85-Year-Old Woman Refuses To Remove Painting Of Virgin Mary From Home

An 85-year-old woman in Florida is refusing to remove a painting of the Virgin Mary after a property manager for Vanguard Property Management ordered her to take it down. Millie Francis said that she was given permission to cover her front window with a piece of plywood following issues with her neighbor looking into her home and security guards shining flashlights through her window late at night. 

After she got approval to board up the window, she decided to paint the plywood with the likeness of Our Lady of Guadalupe. 

“I didn’t know what I wanted to do in that space,” Francis told the Bradenton Herald. “I was at church during Mass just before communion. To be honest, I wasn’t concentrating much on Mass because I was preoccupied with what am I going to do with this board? I said, ‘Please dear Lord, help me decide on what I want to do.’ I don’t want to say I had a vision or anything like that, but felt enlightened and received the inspiration from our Lady of Guadalupe to paint her image. So I promised that I would.”

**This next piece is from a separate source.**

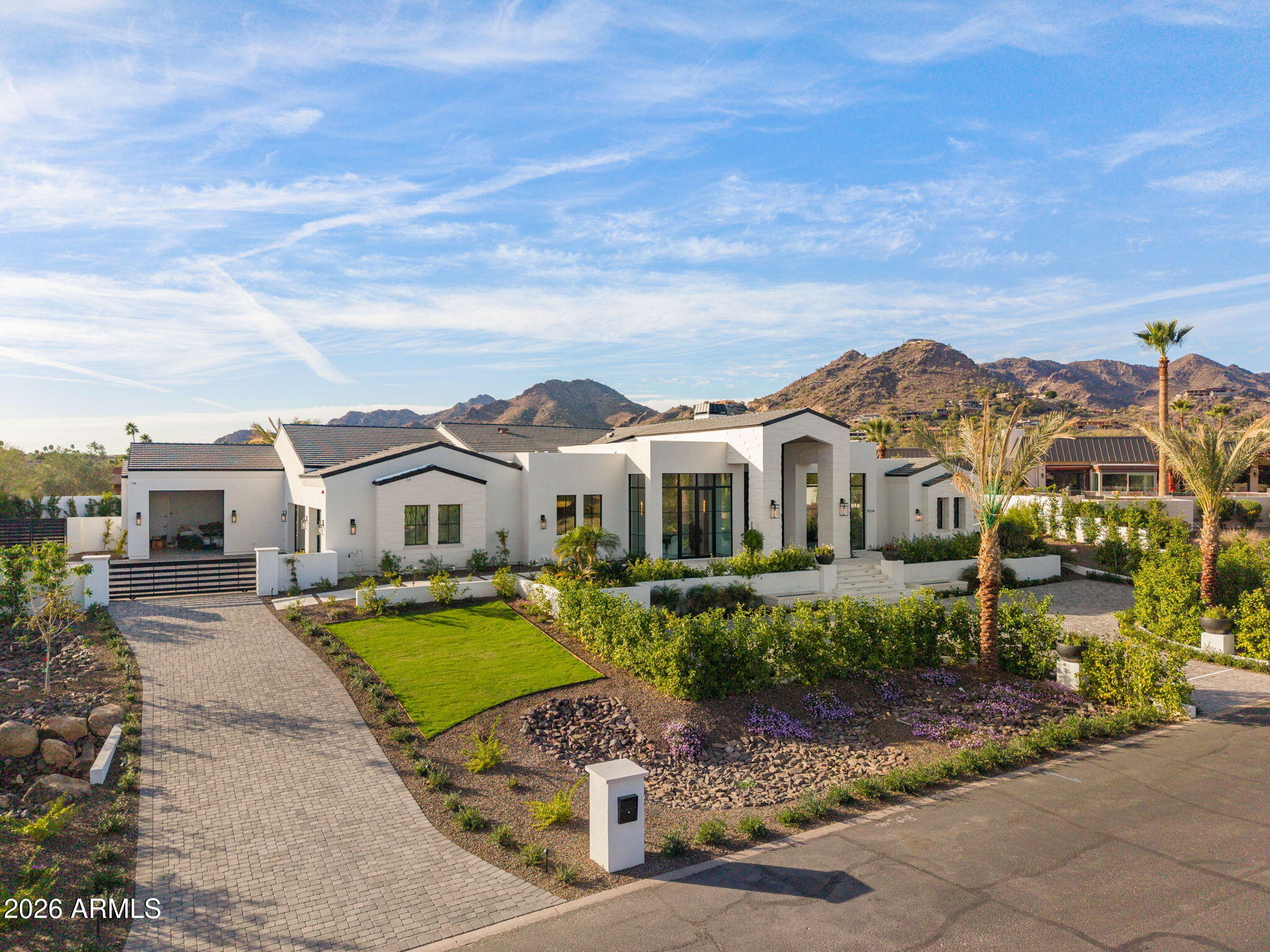 4534 East Pebble Ridge Road Paradise Valley, AZ 85253 - Photo 3 of 74 Front Elevation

The painting did not sit well with everybody, and the property manager at Bradenton Tropical Palms, Janet Nowakowski, told her that if she did not take it down, workers would go into her home and remove it.

That did not sit well with Francis who vowed to keep the painting, which has been blessed by her church.

“They’ll have to kill me first,” Francis said. “You’re not going to tell this old lady what to do. This is America. As long as I have two arms and two legs, I’m going to do it.”

After she refused to comply or resubmit plans to Vanguard Property Management, she received a letter from the company's lawyers which said that she had 30 days to get rid of the mural

“If I have to go to court, then I have to go,” Francis said. “I don’t know what to do. I can’t take this anymore but I can’t see it coming down. It’s not hurting anyone. They don’t have to look at it if they don’t like it so I don’t understand why they are against me, but it’s going to stay.”

Francis said that she is worried about what will happen if she loses in court, especially if she is forced to pay the legal fees for the management company's lawyers. But, no matter what happens in court, Francis has no plans to take down her painting.

“I just don’t know anything about this legal stuff. They say I’ll have to pay their attorney fees if they prevail in court. I can’t afford this. I need help and I don’t know what will happen to me, but I do know I’m not taking it down.”